‘Rocco Chinnici, un uomo libero’ recita il titolo di un documentario, di qualche anno fa, di Rai Storia, dedicato ad una delle pagine più tristi del nostro Paese. Ed è proprio della libertà dell’uomo e del magistrato ucciso dalla mafia trentaquattro anni fa che si è parlato ieri al Liceo Artistico “Ragusa-Kiyohara” di Palermo, nell’ambito di una iniziativa del progetto “Giovani cittadini attivi e consapevoli” dell’associazione P.A.R.S. finanziato dall’avviso pubblico ‘Giovani protagonisti di sé e del territorio – CreAZIONI Giovani’ dell’Assessorato Regionale della Famiglia e delle Politiche Sociali.
È stato il figlio dell’allora consigliere istruttore a raccontare agli studenti chi era il padre, una “persona normale, non un eroe”. “La libertà era il motivo della scelta di mio padre- ha tenuto a precisare Giovanni Chinnici. Era un uomo libero culturalmente e credeva molto nella libertà dei giovani di scegliere il proprio futuro”. Questa la ragione per cui si recava nelle scuole a parlare con gli studenti della mafia e del pericolo della droga. Erano gli anni ‘70, anni in cui la mafia aveva allentato i propri interessi nelle campagne e cominciava ad occuparsi principalmente del traffico degli stupefacenti. Per l’uomo Chinnici, prima ancora che per il magistrato, era necessario far capire ai ragazzi il pericolo delle droghe e gli interessi economici che l’organizzazione criminale ne traeva. Di questa attenzione per i giovani è testimonianza anche la presenza ai consigli di classe nelle scuole dei figli, nonostante fosse difficile conciliare le responsabilità di un lavoro molto impegnativo con le esigenze della famiglia.
Oltre all’attenzione per il mondo giovanile, Chinnici ha realizzato un’altra rivoluzione per quegli anni: la creazione del pool antimafia nel 1980. L’avvio di quella esperienza, con il coinvolgimento dei magistrati Falcone, Borsellino e Di Lello, però, rappresentò l’inizio degli attacchi contro il consigliere istruttore. Sollecitato dalla domanda di uno studente, Giovanni Chinnici racconta “delle minacce, delle lettere minatorie” nei confronti del padre per quelle “indagini efficaci che disturbavano la mafia”. E ricorda come il magistrato fosse contento, dopo l’approvazione della legge Rognoni-La Torre, di avere a disposizione uno strumento valido per contrastare la criminalità mafiosa.
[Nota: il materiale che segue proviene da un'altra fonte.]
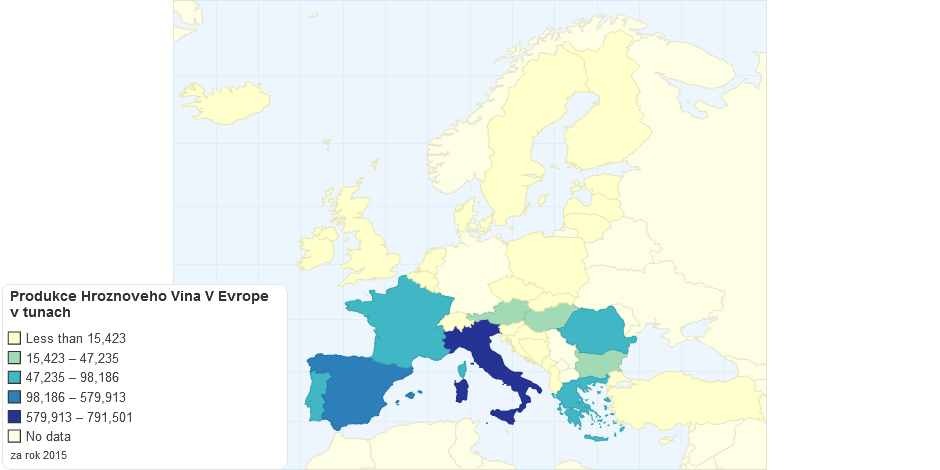 Produkce Hroznoveho Vina V Evrope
L’incontro ha permesso agli studenti del liceo artistico “Ragusa-Kiyohara” di contestualizzare anche il periodo storico e culturale nel quale Rocco Chinnici ha operato e come il suo impegno professionale è stato vissuto dal figlio Giovanni. Rispondendo ad una domanda di Gabriele, alunno della scuola, l’avvocato Chinnici ha ammesso che “solo due-tre anni prima dell’uccisione di mio padre ho iniziato a comprendere la portata del suo lavoro perché a casa non ne parlava. Ce lo presentava come un lavoro normale, così come normali ci presentava i rischi che correva. Ciò ha fatto si che io percepissi come naturale l’isolamento in cui viveva”. A differenza di quanto avviene oggi, infatti, in quegli anni “non si comprendeva il valore dell’azione del magistrato”. Ecco perché “mi aspettavo la reazione fredda della società all’omicidio di mio padre”. Forte, invece, è stato l’impatto emotivo del figlio davanti all’uccisione del magistrato, sebbene Giovanni Chinnici, rispondendo al giovane Joseph, ha descritto come “difficile” il rapporto con il padre al punto da avergli impedito, “fino ai 18 anni, di comprendere l’importanza che il suo ruolo e il suo impegno rivestivano per lui”. Inoltre, prendendo spunto dall’espressione “magistrato antimafia”usata dal giovane Eliseo durante l’incontro, Giovanni Chinnici ha voluto condividere con la platea di studenti la sua contrarietà a questo aggettivo: “Non mi piace la parola antimafia. Sono contro la mafia, ma anche contro qualunque altra forma di reato. Io sono per una società che funzioni secondo le dinamiche scritte dalle leggi che ci siamo scelti”. E, evidentemente, anche il padre la pensava così dal momento che “non si è mai dichiarato magistrato ‘antimafia’”. Rocco Chinnici era “semplicemente un magistrato che difendeva la città contro qualunque reato”.
A fare gli onori di casa è stata il dirigente scolastico, Giuseppa Attinasi, che ha sottolineato come la sua scuola “aderisce ogni anno ai progetti di cultura civica perché crediamo che il compito della scuola è quello di sviluppare competenze cognitive, emozionali, etiche e sociali”.